Contradiction #2: It’s McCarthy again, doing what he does best: talking out of an orifice not normally associated with the spoken word. After publicly announcing on January 13 that the former “president” “bears responsibility” for the shocking January 6 assault on the Capitol, and didn’t call quickly enough for rioters to stand down, McCarthy also expressed openness to an inquiry into the events surrounding the attack. A few short weeks later, he began a less-than-elegant pirouette away from that stance. While the public may have sustained serious whiplash injuries from his performance, he seemed serene with his new conclusion: the former “president” had acted appropriately. No inquiry or commission was necessary. In fact, it would just be a waste of time, a useless exercise in quibbling about the past, when what was needed was a turn toward the future and—you know, something else. Anything else.
It took McCarthy only one visit to Mar-a-Elba in late January to understand the need for this one-eighty. Was it a slice of the resort’s famous chocolate cake that made the difference? Maybe the great selection in his suite’s mini-bar? A 19th hole lap dance? Or could it have been poll numbers suggesting that should he not change course, the great unwashed masses of the former “president’s” internet mob would clamor for his hanging, as they did with Mike Pence?
Whatever the reason, McCarthy sucker punched himself again with the contradiction: How can the Retrumplican party, in his own words, “be united in looking, moving forward” when its leader is obsessed with an election lost six months ago?

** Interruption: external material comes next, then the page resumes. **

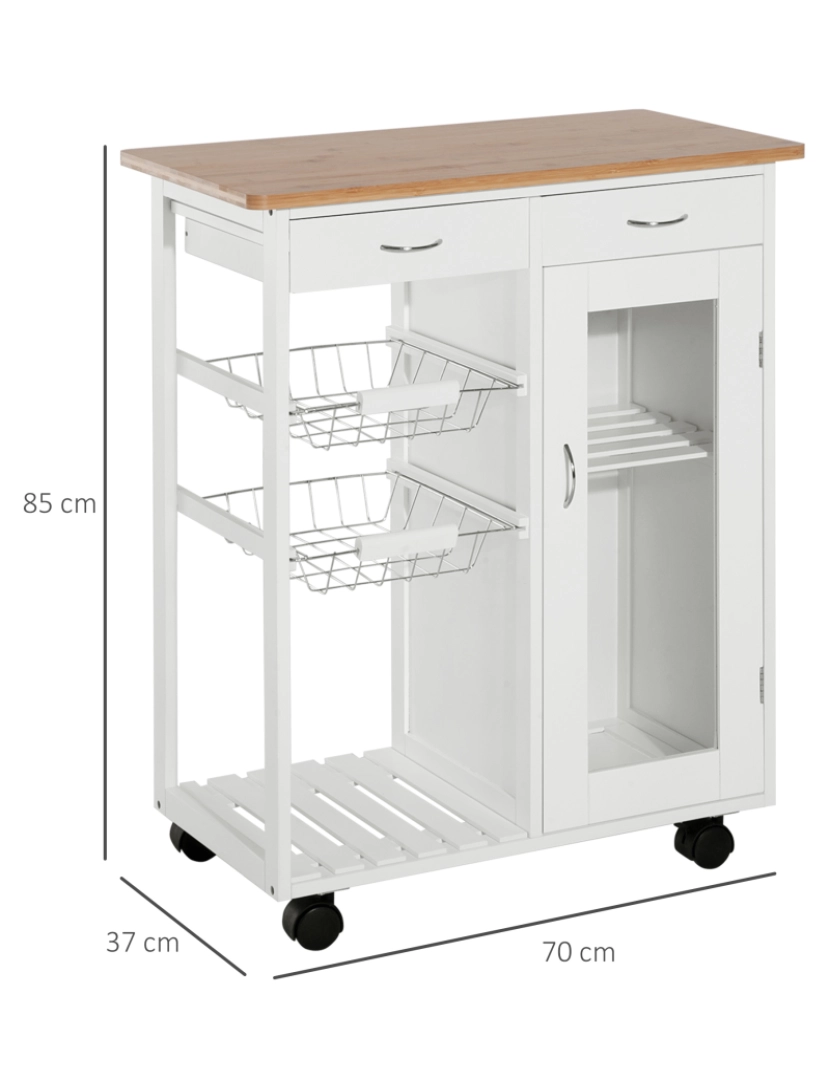 imagem de Carrinho de Cozinha 70x37x85cm cor blanco 801-0233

When, as we mentioned, 25% of Americans believe, falsely, that the election was fraudulent? How to move ahead when 15% of Americans, virtually all in McCarthy’s party, believe QAnon’s bedrock notion that America is ruled by a cabal of Satan-worshipping pedophiles?
A suggestion from us here at “Numb It Down”: the humane way to deal with these contradictions in McCarthy and his cohorts would be to run saturation advertising on Fox and Newsmaxx, touting mental health. The focus would be a 30-second spot at the end of which we hear the voiceover: “Ask your doctor if a lobotomy is right for you.”